The 2017 New Master Directions have brought about several positive changes to the PPI regulatory system, including interoperability, fraud prevention mechanisms, measures to limit PPI abuse, and an improved consumer protection framework, among others. However, this has created many obstacles for stakeholders, including a reduction in the ease and convenience of using PPIs because KYC compliance for PPI accounts must be completed in such a short time frame, a significant increase in the minimum net-worth requirements, and several mandatory security requirements.

FAQs

1. What are Prepaid Payment Instruments?

Ans: The term “prepaid payment instrument” refers to an instrument that allows you to purchase goods and services with money stored within or on the instrument. PPIs, or prepaid payment instruments, are bills of exchange that change the purchasing against the value control at or on the instrument, as specified by the Payment and Settlement Act, 2005 of the Reserve Bank of India. Transfers of funds, banking services, exports, as well as a variety of other essential services, are also available.

2. What sets apart a ‘full-KYC’ PPI from others   

Ans: “Full-KYC” PPIs have the following salient features:

  • Natural replayability
  • The amount that is past due cannot ever go over 2,000,000.
  • There are no credit or debit monthly limits.
  • They can be used to transfer money, withdraw money, and purchase goods and services.

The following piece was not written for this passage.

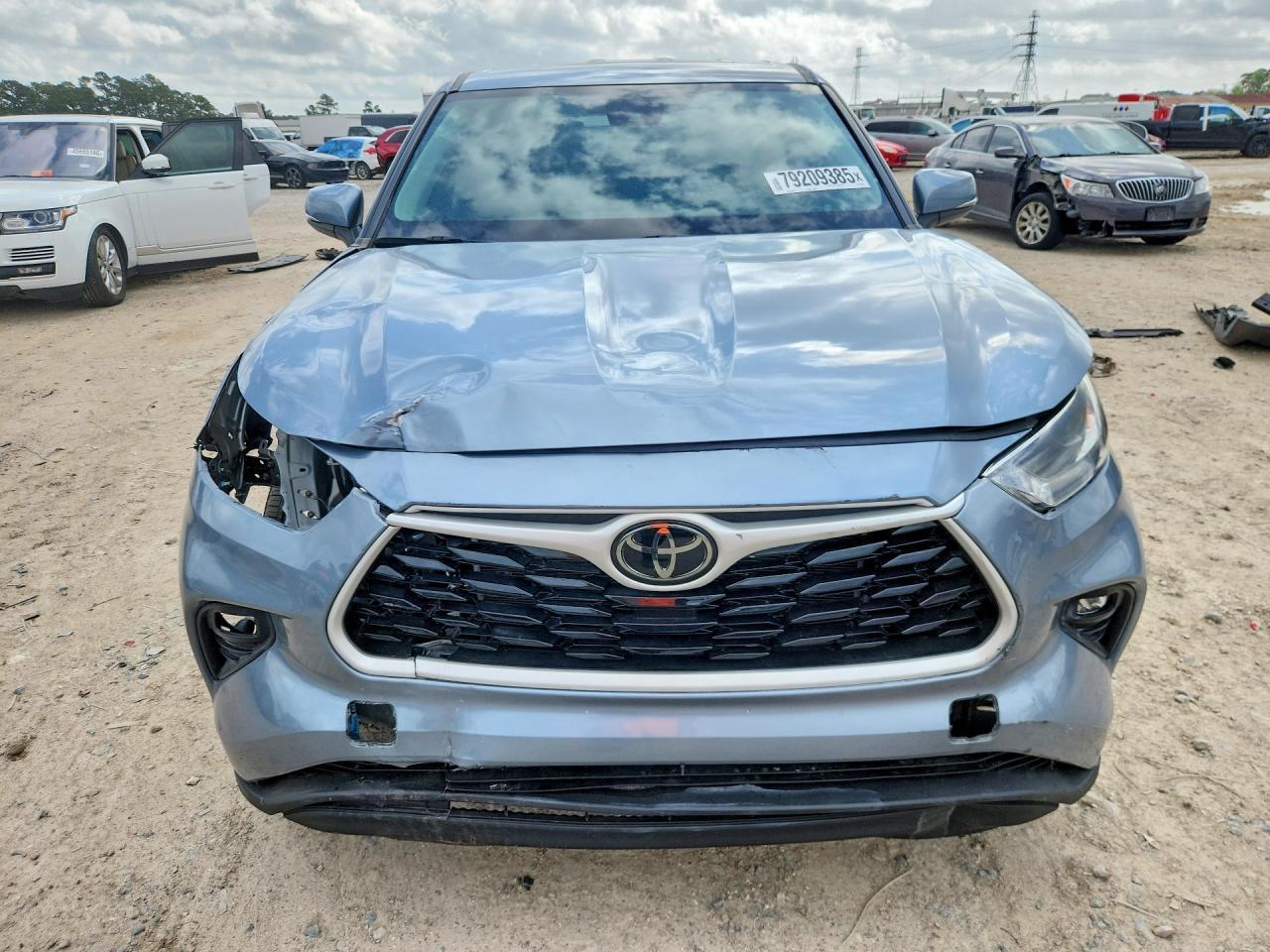 2024 Toyota Highlander Le - Image 5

3. What various types of PPIs are available

Ans: PPIs can be issued as cards, wallets, or any other type of device that can be accessed to use the funds contained therein. Paper vouchers cannot be used to redeem PPIs.

4. What is the maximum amount of time a customer can keep a small PPI (with a cash loading facility)?

Ans: You can only keep a small PPI (with the cash-loading capability) for 24 months. The PPI must be converted into a full-KYC PPI within the following 24 months; otherwise, no additional credit for that PPI will be allowed. The 24-month period starts on the day the PPI is opened. The PPI holder, however, is free to utilise the remaining balance.

5. How do PPIs get loaded?

Ans: Payment instruments regulated in India and only in Indian Rupees (INR) can be loaded/reloaded on Personal Payment Instruments (PPI), including cash (unavailable in some types of Small Instruments), debit to a bank account, and credit and debit cards (from time to time).